The listing that follows should be copied in full and exactly, with no pictures.

• Available data:
:::
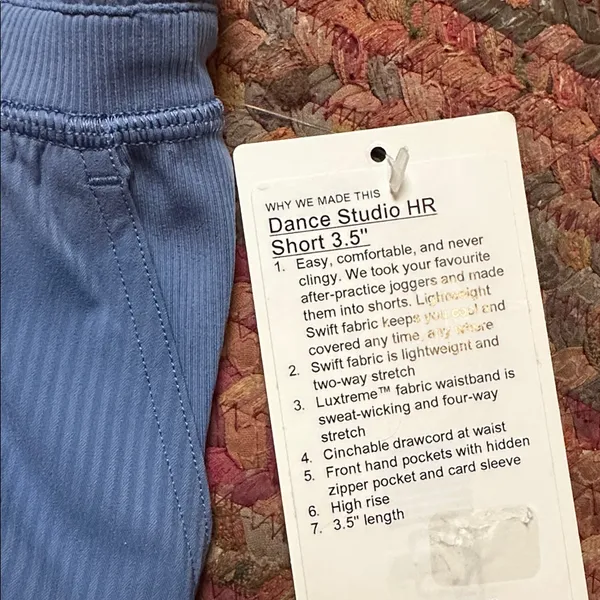 Nwt Oasis Blue Dance Studio High Rise Shorts Lululemon 3.5” - Image 2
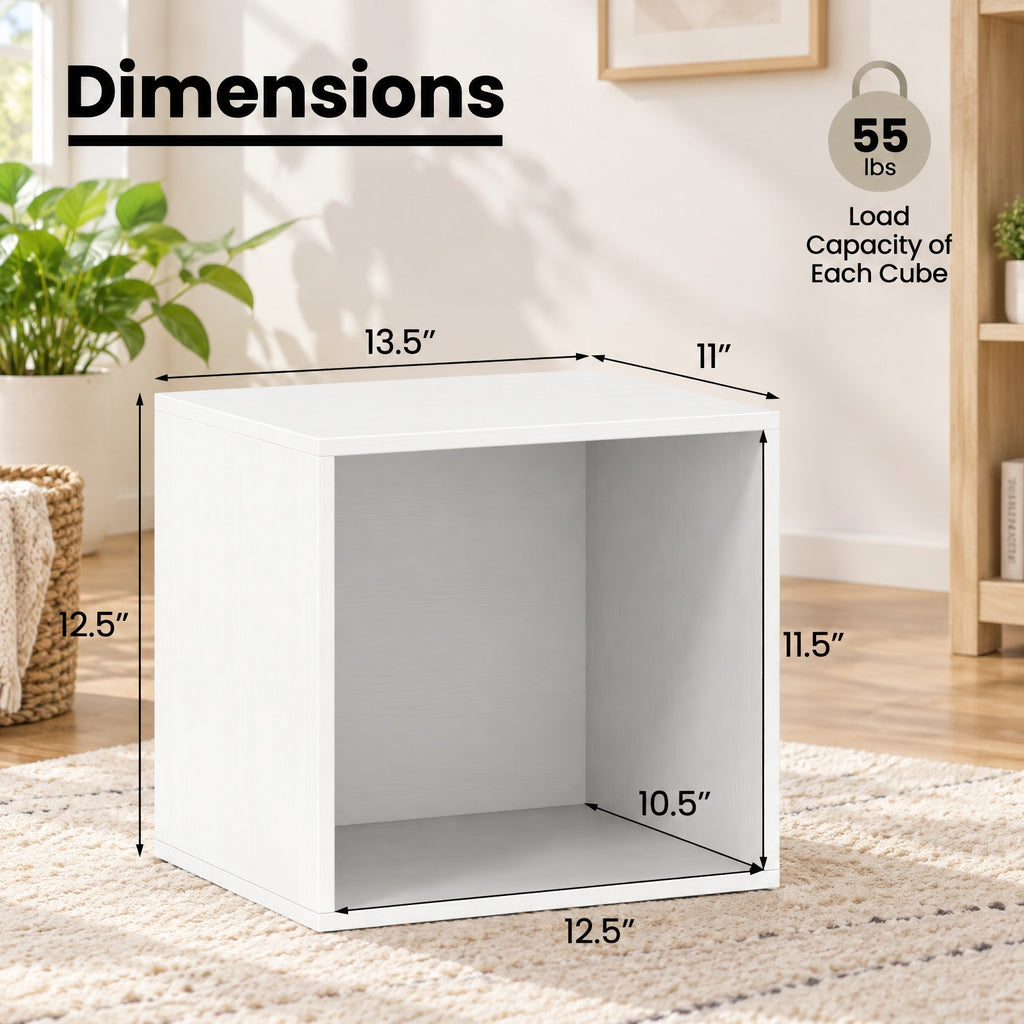 Airfind Cube Storage Organizer Stackable Open Book Shelf Wooden Display Shelving Unit, 55 lbs Capacity, Engineered Wood Frame, White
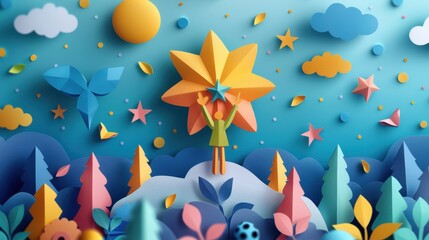 Employee receiving an award, paper cut illustration.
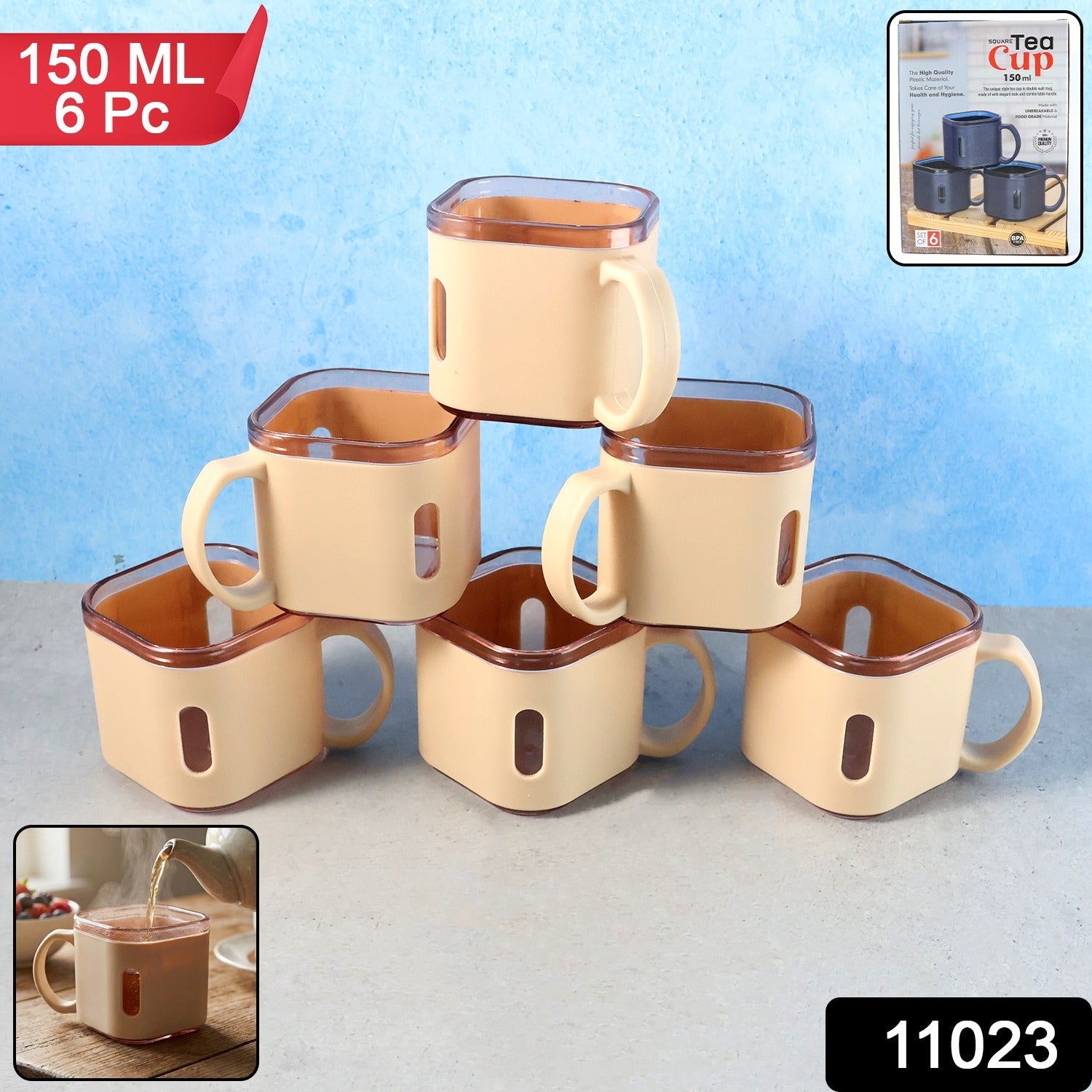 Six square tea cups arranged neatly on a table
:::
• Answer section:
 Nwt Oasis Blue Dance Studio High Rise Shorts Lululemon 3.5” - Image 2
 Airfind Cube Storage Organizer Stackable Open Book Shelf Wooden Display Shelving Unit, 55 lbs Capacity, Engineered Wood Frame, White
 Employee receiving an award, paper cut illustration.
 Six square tea cups arranged neatly on a table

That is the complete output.